To do: In the output, include exactly the lines from the beginning of the records up to and including the one that contains "2026 Jeep Wrangler 4-Door Sport S 4x4", and leave out the pictures.

[Stored dataset items]
****
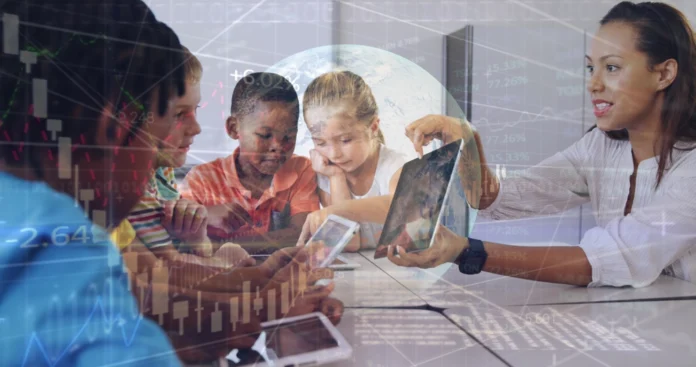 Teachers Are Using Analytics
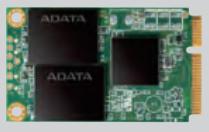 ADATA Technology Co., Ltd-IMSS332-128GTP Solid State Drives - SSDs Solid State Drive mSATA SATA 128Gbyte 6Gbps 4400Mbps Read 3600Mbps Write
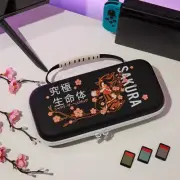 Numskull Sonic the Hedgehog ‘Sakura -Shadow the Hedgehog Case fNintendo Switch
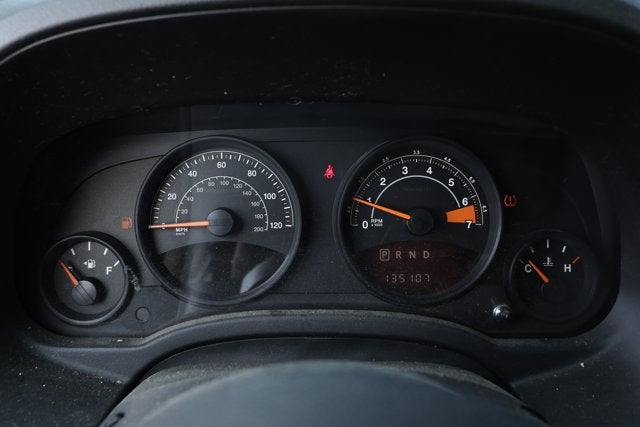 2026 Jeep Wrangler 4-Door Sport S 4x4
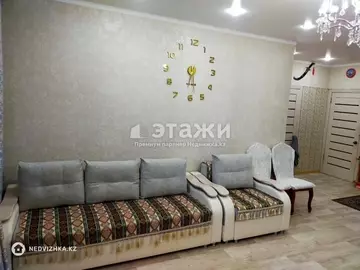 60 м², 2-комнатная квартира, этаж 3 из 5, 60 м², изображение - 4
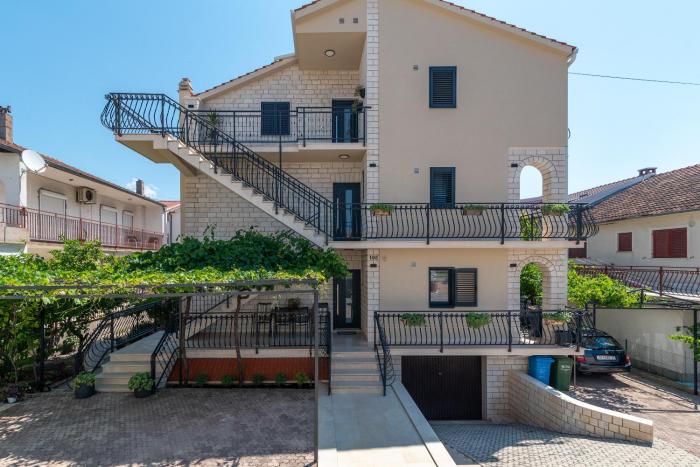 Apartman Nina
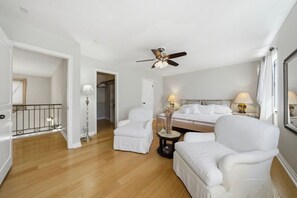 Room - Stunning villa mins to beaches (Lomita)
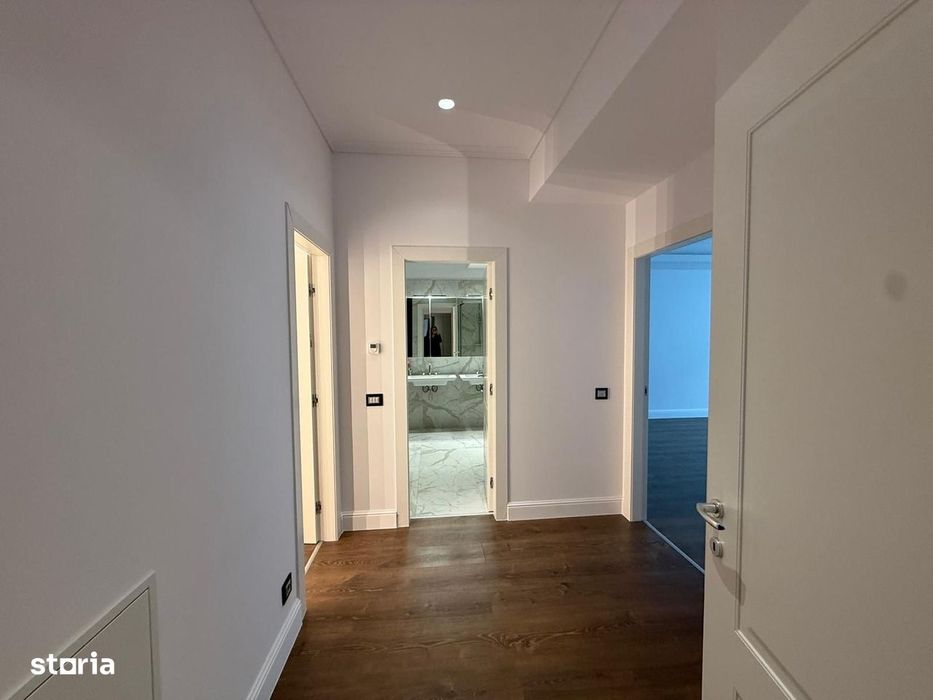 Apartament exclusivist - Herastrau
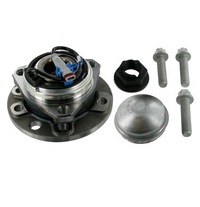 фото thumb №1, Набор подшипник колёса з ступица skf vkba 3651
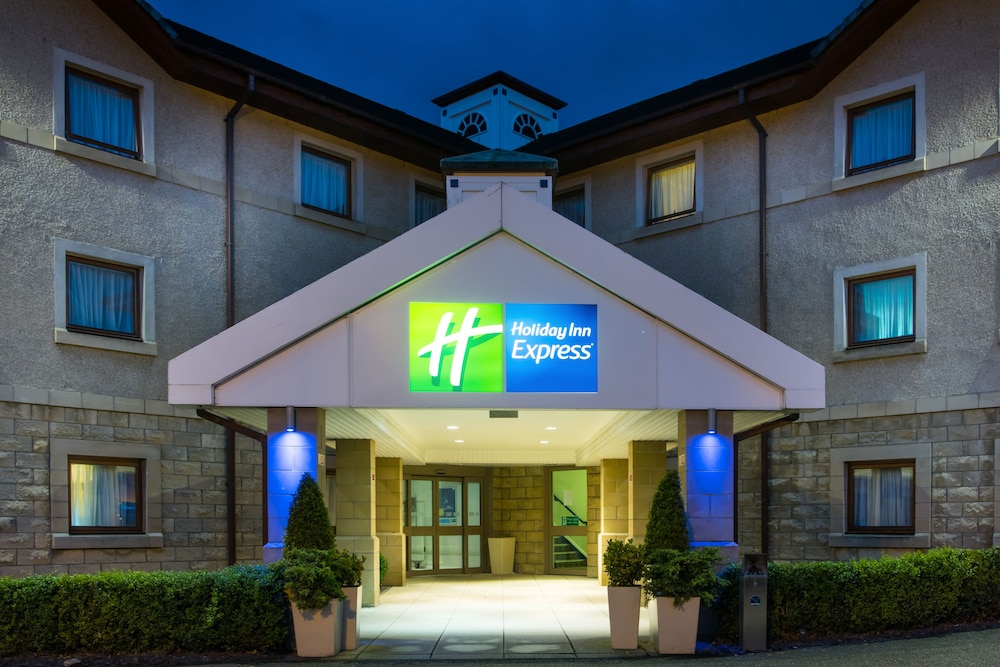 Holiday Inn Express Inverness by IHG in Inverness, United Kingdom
****
Response area:
 Teachers Are Using Analytics
 ADATA Technology Co., Ltd-IMSS332-128GTP Solid State Drives - SSDs Solid State Drive mSATA SATA 128Gbyte 6Gbps 4400Mbps Read 3600Mbps Write
 Numskull Sonic the Hedgehog ‘Sakura -Shadow the Hedgehog Case fNintendo Switch
 2026 Jeep Wrangler 4-Door Sport S 4x4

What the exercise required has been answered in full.